Look through the data below for the line with "Parkowanie na chodniku.", and transcribe it exactly together with each line after it up to and including the line with "Nike x Sacai". Give nothing else.

─── Records to process ───

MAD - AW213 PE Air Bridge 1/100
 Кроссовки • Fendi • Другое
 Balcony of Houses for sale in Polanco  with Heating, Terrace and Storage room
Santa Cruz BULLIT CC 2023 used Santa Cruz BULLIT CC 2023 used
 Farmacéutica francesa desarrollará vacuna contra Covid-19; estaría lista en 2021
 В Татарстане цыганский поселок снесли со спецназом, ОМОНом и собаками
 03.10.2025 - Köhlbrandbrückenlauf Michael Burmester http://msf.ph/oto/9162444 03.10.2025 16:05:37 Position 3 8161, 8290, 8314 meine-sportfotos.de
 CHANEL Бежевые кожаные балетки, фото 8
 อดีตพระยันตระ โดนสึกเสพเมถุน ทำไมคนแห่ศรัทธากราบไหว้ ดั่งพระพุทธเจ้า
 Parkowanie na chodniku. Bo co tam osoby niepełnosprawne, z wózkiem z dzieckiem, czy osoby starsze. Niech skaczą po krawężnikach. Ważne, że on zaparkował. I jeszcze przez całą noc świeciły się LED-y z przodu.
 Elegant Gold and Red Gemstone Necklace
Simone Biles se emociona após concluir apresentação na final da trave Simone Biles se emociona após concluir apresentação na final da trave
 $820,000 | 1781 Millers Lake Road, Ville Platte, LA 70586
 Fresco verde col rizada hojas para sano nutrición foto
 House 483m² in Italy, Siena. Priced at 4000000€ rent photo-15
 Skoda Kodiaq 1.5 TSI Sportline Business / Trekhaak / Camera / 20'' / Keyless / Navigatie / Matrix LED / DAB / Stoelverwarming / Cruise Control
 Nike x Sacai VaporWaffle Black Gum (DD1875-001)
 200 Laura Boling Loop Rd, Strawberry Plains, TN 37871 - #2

───

**Expected output:**
 Parkowanie na chodniku. Bo co tam osoby niepełnosprawne, z wózkiem z dzieckiem, czy osoby starsze. Niech skaczą po krawężnikach. Ważne, że on zaparkował. I jeszcze przez całą noc świeciły się LED-y z przodu.
 Elegant Gold and Red Gemstone Necklace
Simone Biles se emociona após concluir apresentação na final da trave Simone Biles se emociona após concluir apresentação na final da trave
 $820,000 | 1781 Millers Lake Road, Ville Platte, LA 70586
 Fresco verde col rizada hojas para sano nutrición foto
 House 483m² in Italy, Siena. Priced at 4000000€ rent photo-15
 Skoda Kodiaq 1.5 TSI Sportline Business / Trekhaak / Camera / 20'' / Keyless / Navigatie / Matrix LED / DAB / Stoelverwarming / Cruise Control
 Nike x Sacai VaporWaffle Black Gum (DD1875-001)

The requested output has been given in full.